Governo de São Paulo e autoridades médicas do Instituto reagem com “surpresa” e “indignação” à decisão da Agência e reafirmam segurança da vacina

Uma pesquisadora do SinoVac trabalha em um laboratório de desenvolvimento da Coronavac em Pequim.
Uma pesquisadora do SinoVac trabalha em um laboratório de desenvolvimento da Coronavac em Pequim.Ng Han Guan (AP)

O presidente do Instituto Butantan, Dimas Covas, afirmou em coletiva de imprensa nesta terça-feira que o “evento adverso grave” observado em um voluntário do estudo clínico da Coronavac ―a vacina desenvolvida em parceria com o laboratório chinês Sinovac, não teve relação com o imunizante e que a Agência Nacional de Vigilância Sanitária (Anvisa)― foi notificada disso no dia 6 de novembro.

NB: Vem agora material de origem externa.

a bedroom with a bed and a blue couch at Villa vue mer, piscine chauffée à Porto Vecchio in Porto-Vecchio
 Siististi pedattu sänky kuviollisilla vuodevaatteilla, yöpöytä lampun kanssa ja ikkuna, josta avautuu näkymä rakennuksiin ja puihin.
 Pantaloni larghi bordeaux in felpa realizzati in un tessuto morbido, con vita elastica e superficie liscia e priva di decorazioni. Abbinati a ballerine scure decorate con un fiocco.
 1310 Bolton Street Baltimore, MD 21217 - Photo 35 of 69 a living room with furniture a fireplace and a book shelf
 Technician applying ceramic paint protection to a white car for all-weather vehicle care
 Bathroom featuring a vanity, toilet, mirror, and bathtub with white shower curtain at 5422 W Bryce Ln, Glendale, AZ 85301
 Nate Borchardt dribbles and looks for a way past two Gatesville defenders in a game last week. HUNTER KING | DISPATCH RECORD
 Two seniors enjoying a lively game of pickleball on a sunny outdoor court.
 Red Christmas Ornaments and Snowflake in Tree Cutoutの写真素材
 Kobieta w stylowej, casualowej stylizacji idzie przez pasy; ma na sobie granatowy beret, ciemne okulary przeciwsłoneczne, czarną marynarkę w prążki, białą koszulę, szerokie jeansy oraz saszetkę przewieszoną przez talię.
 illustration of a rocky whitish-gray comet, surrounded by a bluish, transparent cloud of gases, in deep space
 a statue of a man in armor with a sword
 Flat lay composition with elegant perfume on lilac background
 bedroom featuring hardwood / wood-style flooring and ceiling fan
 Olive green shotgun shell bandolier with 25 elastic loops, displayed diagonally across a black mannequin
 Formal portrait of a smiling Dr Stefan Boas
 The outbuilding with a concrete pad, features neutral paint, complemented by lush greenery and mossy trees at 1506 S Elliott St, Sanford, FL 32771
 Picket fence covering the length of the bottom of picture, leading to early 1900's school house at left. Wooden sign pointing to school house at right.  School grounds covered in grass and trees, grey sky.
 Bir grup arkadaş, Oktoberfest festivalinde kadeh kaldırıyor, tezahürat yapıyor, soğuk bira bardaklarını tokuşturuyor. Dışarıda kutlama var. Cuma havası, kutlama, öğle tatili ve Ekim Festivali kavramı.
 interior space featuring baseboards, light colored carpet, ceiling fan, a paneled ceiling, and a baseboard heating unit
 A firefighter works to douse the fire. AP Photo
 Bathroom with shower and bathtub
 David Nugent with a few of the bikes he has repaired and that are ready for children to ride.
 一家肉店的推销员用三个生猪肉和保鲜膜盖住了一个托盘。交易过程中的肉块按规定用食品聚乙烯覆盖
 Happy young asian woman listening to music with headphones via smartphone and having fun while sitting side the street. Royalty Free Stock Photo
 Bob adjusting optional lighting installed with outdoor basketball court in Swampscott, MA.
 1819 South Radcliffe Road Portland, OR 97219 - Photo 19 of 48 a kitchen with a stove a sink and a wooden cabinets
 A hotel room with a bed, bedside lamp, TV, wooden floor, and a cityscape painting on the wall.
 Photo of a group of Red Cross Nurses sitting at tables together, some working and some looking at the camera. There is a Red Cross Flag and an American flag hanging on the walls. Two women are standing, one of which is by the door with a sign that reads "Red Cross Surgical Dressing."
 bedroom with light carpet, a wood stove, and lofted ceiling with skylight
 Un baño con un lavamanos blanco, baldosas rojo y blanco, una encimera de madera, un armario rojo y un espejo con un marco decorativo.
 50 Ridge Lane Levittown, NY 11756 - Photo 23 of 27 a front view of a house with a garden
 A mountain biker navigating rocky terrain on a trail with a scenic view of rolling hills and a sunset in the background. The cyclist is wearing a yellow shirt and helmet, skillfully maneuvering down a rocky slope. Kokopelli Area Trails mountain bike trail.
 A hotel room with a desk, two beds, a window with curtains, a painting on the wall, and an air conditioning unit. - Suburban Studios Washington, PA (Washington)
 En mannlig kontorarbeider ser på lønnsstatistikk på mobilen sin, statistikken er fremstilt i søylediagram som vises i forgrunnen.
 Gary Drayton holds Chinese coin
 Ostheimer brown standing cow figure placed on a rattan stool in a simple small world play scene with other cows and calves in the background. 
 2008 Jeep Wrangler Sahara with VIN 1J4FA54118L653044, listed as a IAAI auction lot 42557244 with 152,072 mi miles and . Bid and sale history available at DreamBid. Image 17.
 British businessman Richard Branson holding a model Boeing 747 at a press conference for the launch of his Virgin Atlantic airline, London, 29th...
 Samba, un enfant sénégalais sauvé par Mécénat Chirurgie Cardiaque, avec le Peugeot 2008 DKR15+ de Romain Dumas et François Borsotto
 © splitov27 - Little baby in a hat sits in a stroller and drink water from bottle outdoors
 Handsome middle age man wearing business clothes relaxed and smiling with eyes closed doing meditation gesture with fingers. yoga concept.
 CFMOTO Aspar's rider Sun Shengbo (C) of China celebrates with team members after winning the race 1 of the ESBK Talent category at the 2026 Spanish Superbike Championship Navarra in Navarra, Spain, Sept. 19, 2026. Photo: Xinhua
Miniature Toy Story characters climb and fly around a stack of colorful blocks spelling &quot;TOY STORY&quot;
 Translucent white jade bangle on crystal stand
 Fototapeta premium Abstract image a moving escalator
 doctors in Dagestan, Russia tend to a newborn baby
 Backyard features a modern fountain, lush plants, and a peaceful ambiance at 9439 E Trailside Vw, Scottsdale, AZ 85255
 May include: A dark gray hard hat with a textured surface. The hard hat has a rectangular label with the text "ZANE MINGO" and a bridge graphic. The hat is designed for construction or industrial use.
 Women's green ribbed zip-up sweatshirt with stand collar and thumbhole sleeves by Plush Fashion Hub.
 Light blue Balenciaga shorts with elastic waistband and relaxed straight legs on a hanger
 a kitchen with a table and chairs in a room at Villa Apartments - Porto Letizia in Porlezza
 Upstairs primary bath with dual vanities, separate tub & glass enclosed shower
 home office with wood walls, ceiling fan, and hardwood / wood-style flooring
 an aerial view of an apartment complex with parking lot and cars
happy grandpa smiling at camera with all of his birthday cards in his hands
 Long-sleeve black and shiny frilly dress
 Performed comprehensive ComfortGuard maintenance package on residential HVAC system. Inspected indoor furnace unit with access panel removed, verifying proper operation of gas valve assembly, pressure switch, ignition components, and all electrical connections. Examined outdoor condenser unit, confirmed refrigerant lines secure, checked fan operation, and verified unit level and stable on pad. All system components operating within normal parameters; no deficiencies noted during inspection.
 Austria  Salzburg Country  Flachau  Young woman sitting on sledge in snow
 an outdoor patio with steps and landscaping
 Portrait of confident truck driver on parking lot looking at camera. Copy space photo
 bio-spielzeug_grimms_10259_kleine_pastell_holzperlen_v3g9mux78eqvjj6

Na noite de segunda-feira, a cúpula do Instituto Butantan, ligado ao Governo de São Paulo, disse ainda que soube pela imprensa que a Anvisa suspendeu os testes com a vacina, e cujo desenvolvimento está em fase três. “É uma notícia que causa surpresa, insegurança e, no nosso caso, causa até indignação”, disse Covas, sem dissimular sua chateação.

O presidente do Butantan não deu detalhes dos argumentos apresentados pela Anvisa para a suspensão dos testes, limitando-se a dizer que a Agência solicitou informações adicionais sobre o ocorrido. Pelo contrato de confidencialidade com os voluntários do ensaio clínico, e “em respeito aos seus familiares e amigos”, a única informação divulgada é que o voluntário era do centro de estudo do Hospital das Clínicas da USP e o “evento adverso grave” teria ocorrido 25 dias após ele ter participado do teste —não se sabe se ele recebeu a vacina ou um placebo. De acordo com a TV Globo, que obteve o boletim de ocorrência do caso, a causa da morte do voluntário, um homem de 33 anos, teria sido suicídio.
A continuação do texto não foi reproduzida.